Experience Data Model (XDM) is the core framework that standardizes customer experience data by providing common structures and definitions for use in downstream Adobe Experience Platform services. By adhering to XDM standards, all customer experience data can be incorporated into a common representation and used to gain valuable insights from customer actions, define customer audiences, and express customer attributes for personalization purposes.
Since XDM is extremely versatile and customizable by design, it is important to follow best practices for data modeling when designing your schemas. This document covers the key decisions and considerations that you must make when mapping your customer experience data to XDM.
Before reading this guide, review the XDM System overview for a high-level introduction to XDM and its role within Experience Platform.
As this guide focuses exclusively on key considerations regarding schema design, you are strongly recommended to read the basics of schema composition for detailed explanations of the individual schema elements mentioned throughout this guide.
The recommended approach for designing your data model for use in Experience Platform can be summarized as follows:
The steps related to identifying the applicable data sources required to carry out your business use cases vary from organization to organization. While the remainder of sections throughout this document focus on the latter steps of organizing and constructing an ERD after the data sources have been identified, the explanations of the diagram’s various components may inform your decisions as to which of your data sources should be migrated to Platform.
Once you have determined the data sources that you wish to bring into Platform, create a high-level ERD to help guide the process of mapping your data to XDM schemas.
The example below represents a simplified ERD for a company who wants to bring data into Platform. The diagram highlights the essential entities that should be sorted into XDM classes, including customer accounts, hotels, and several common e-commerce events.

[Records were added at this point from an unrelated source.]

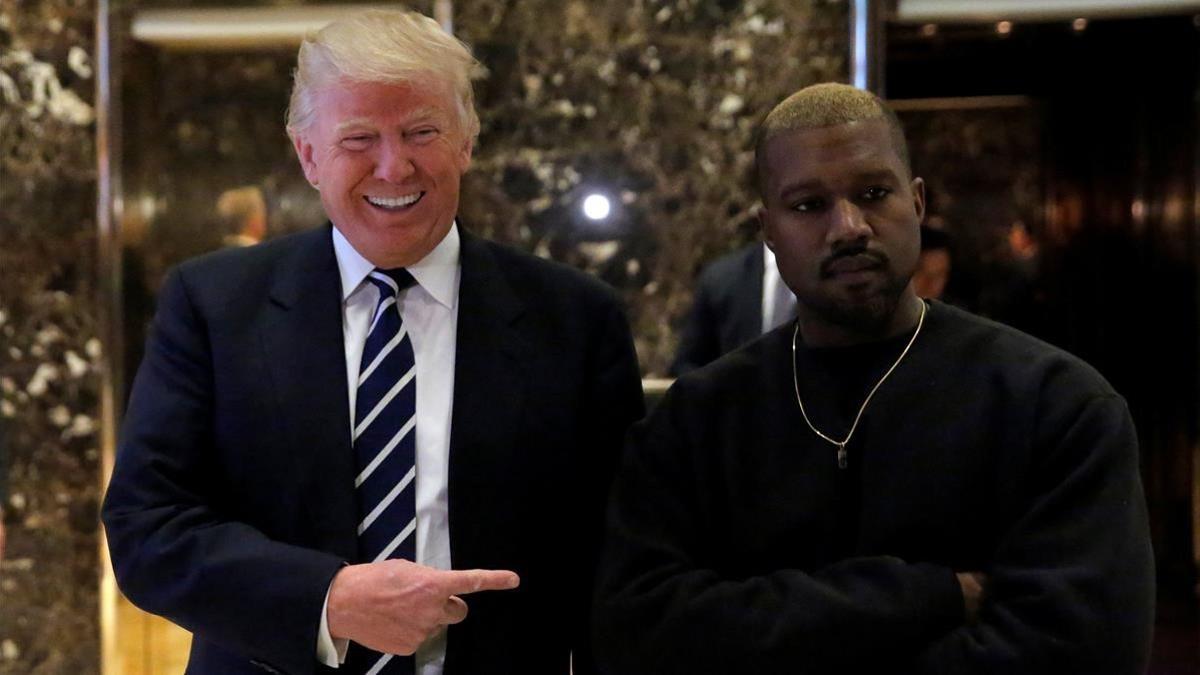 lmmarco36613032 u s  president elect donald trump and musician kanye west po180904121953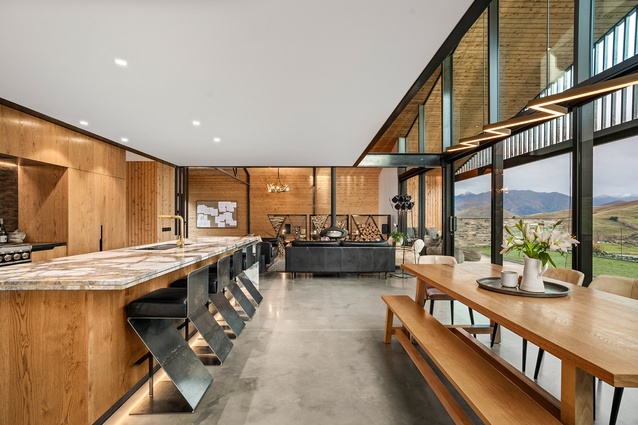 Form Construction (Lake Hayes), Winner of the Southern Pink Batts Craftsmanship Award, Builder's Own Home Category, Plumbing World Bathroom Excellence Award, and a Gold Award, for a home in Queenstown.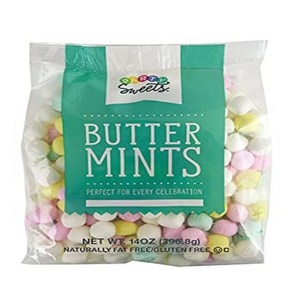 Paty Sweets Assoted Pastel Buttemints 14 Ounce Appx. 100 pieces fom Hospitality Mints 파티 과자 모듬, 1개, 396g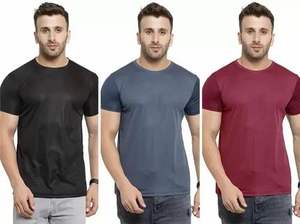 T-shirts surdimensionnés pour hommes, logo personnalisé, broderie 3D, longueur courte, uni, lourd, épaules tombantes - Product Image 3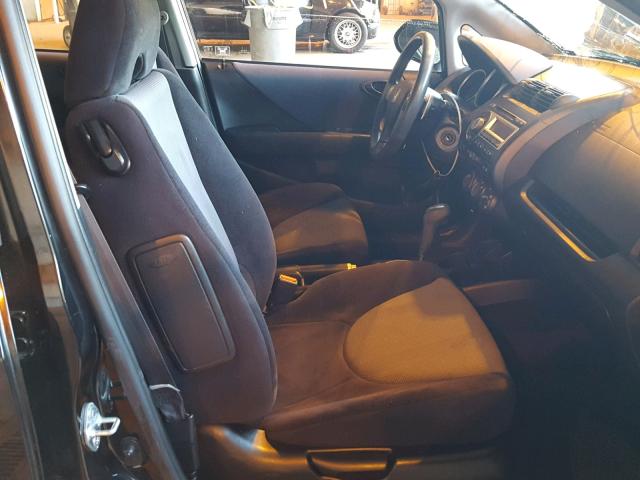 JHMGD38657S057742 - 2007 HONDA FIT S 黑色 照片 5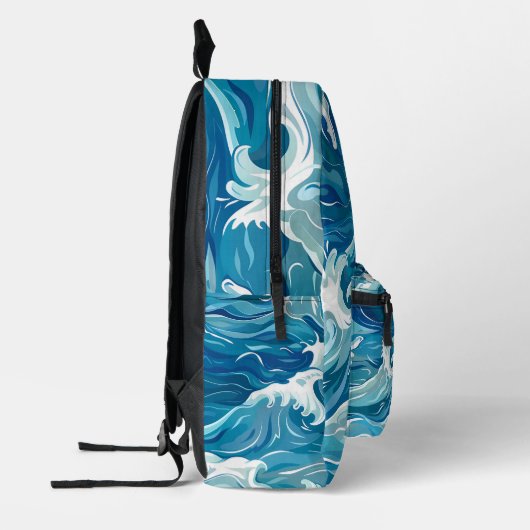 Sac À Dos Imprimé Vagues océaniques (Gauche)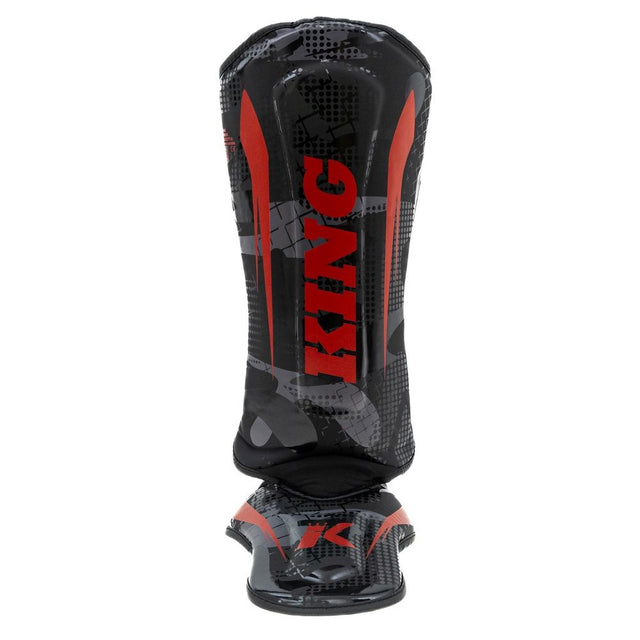 Chrániče holení King Pro Boxing Shogun – Černé/Červené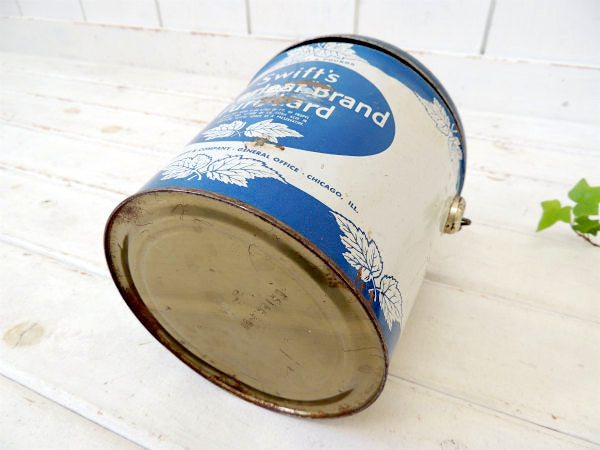 【SWIFT】SILVERLEAF・ハンドル付き・ヴィンテージ・ラード缶/ブリキ缶 USA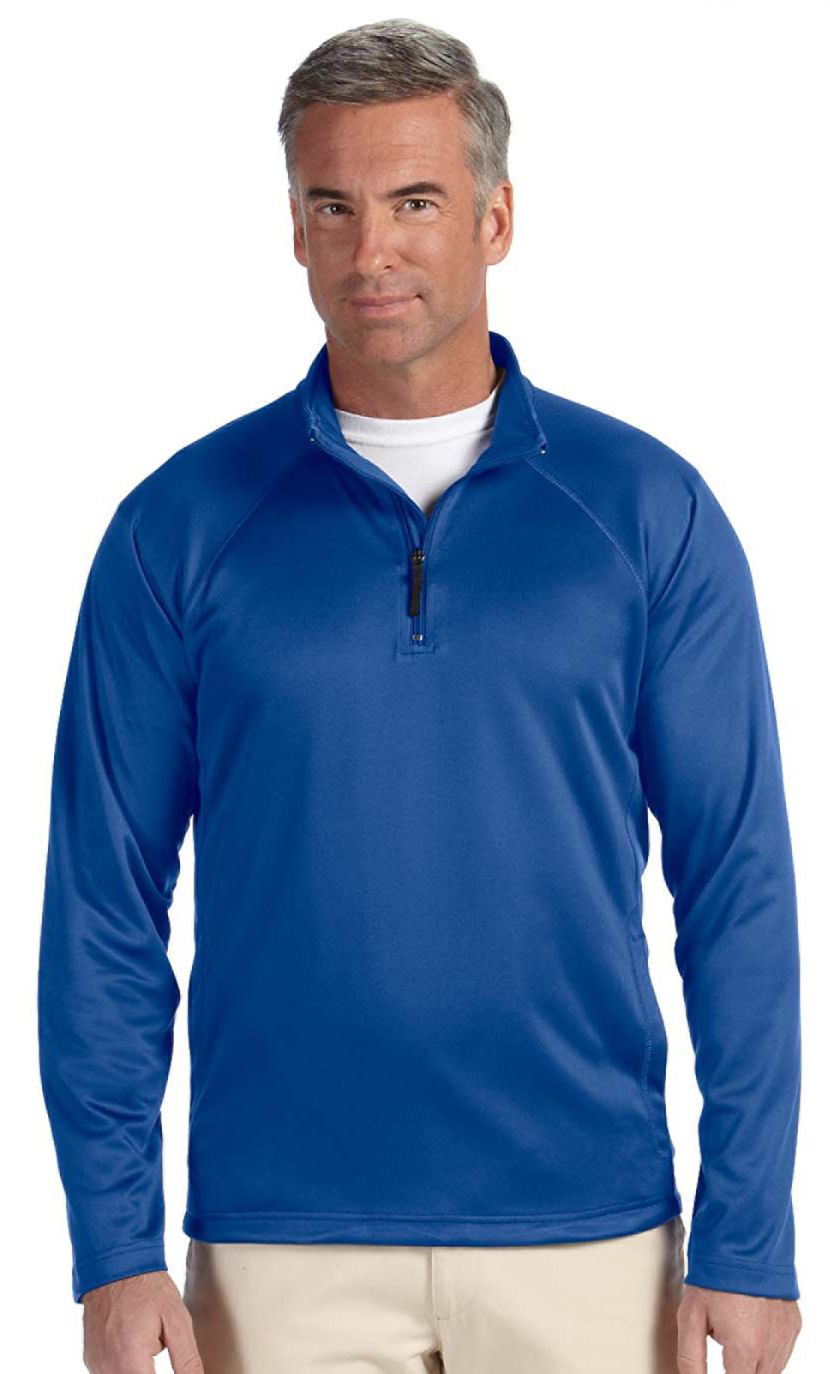 quarter zip polyester pullover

Once you have created an ERD to identify the essential entities you would like to bring into Platform, these entities must be sorted into profile, lookup, and event categories:
Category | Description |
---|---|
Profile entities | Profile entities represent attributes relating to an individual person, typically a customer. Entities that fall under this category should be represented by schemas based on the XDM Individual Profile class. |
Lookup entities | Lookup entities represent concepts that can relate to an individual person, but cannot be directly used to identify the individual. Entities that fall under this category should be represented by schemas based on custom classes, and are linked to profiles and events through schema relationships. |
Event entities | Event entities represent concepts related to actions that a customer can take, system events, or any other concepts where you may want to track changes over time. Entities that fall under this category should be represented by schemas based on the XDM ExperienceEvent class. |
The sections below provide further guidance for how to sort your entities into the above categories.
A primary way of sorting between entity categories is whether the data being captured is mutable or not.
Attributes belonging to profiles or lookup entities are typically mutable. For example, a customer’s preferences might change over time, and the parameters of a subscription plan can be updated depending on market trends.
By contrast, event data is typically immutable. Since events are attached to a specific timestamp, the “system snapshot” that an event provides does not change. For example, an event can capture a customer’s preferences when they checkout a cart, and does not change even if the customer’s preferences end up changing later on. Event data cannot be changed after it has been recorded.
To summarize, profiles and lookup entities contain mutable attributes and represent the most current information about the subjects they capture, while events are immutable records of the system at a specific time.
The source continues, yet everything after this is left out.